Tem pensado nessa idade, que de melhor não tem nada. E tem um sonho. Ou muitos ainda. Queria poder ficar em trânsito um ano. Perambulando. Por lugares legais, bonitos, que possam oferecer paz e novidades. Não precisa ser Londres ou Nova York mais, mas, poderia ser uma vila portuguesa com certeza; um lugarzinho na Andaluzia para ensaiar uns passos de dança Flamenga e ouvir Paco de Lucia; ou ainda uma praça na Toscana, com pinheiros, vinho Chianti, e sardelas com pão fresco. E aprendendo françês ou italiano, as línguas mais lindas. Português também é, mas essa já fala. Mal e com erros de crase e concordância.
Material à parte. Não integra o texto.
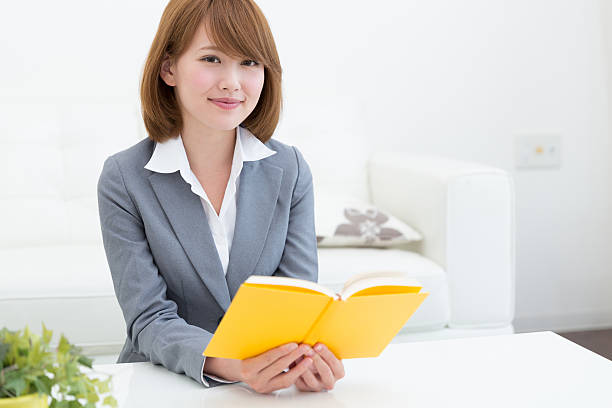 istock Japanese businesswoman reading a book 620976788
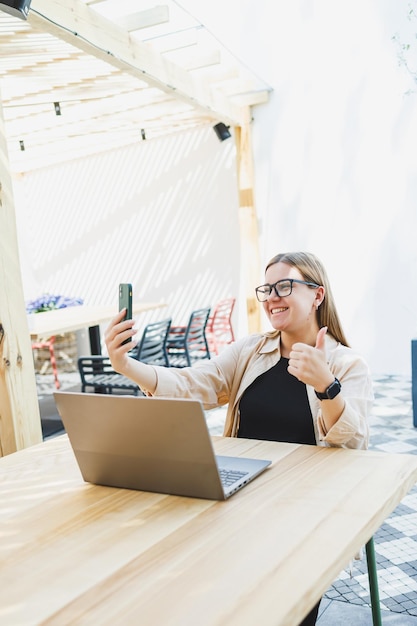 Smiling woman sitting at outdoor cafe table with laptop talking on phone and cup of coffee smiling woman in glasses enjoying telecommuting in cafe or studying online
Mas um dia acerta, com a ajuda do professor Chico Viana, bien sur! Quanto aos vestidos Pucci, já que não deu, se diverti com os das lojas de departamento Summer collection… . Mas entendeu muito mais nessa vida que de vestidos, embora continue adorando os tecidos e o esvoaçar da vida; entendeu o poema Ensinamento de Adélia Prado e que a coisa mais fina do mundo é o sentimento.

E até agora vive um dia de cada vez. Lá e Cá. Com e Sem. Se sonha? E Como sonha! Acordada!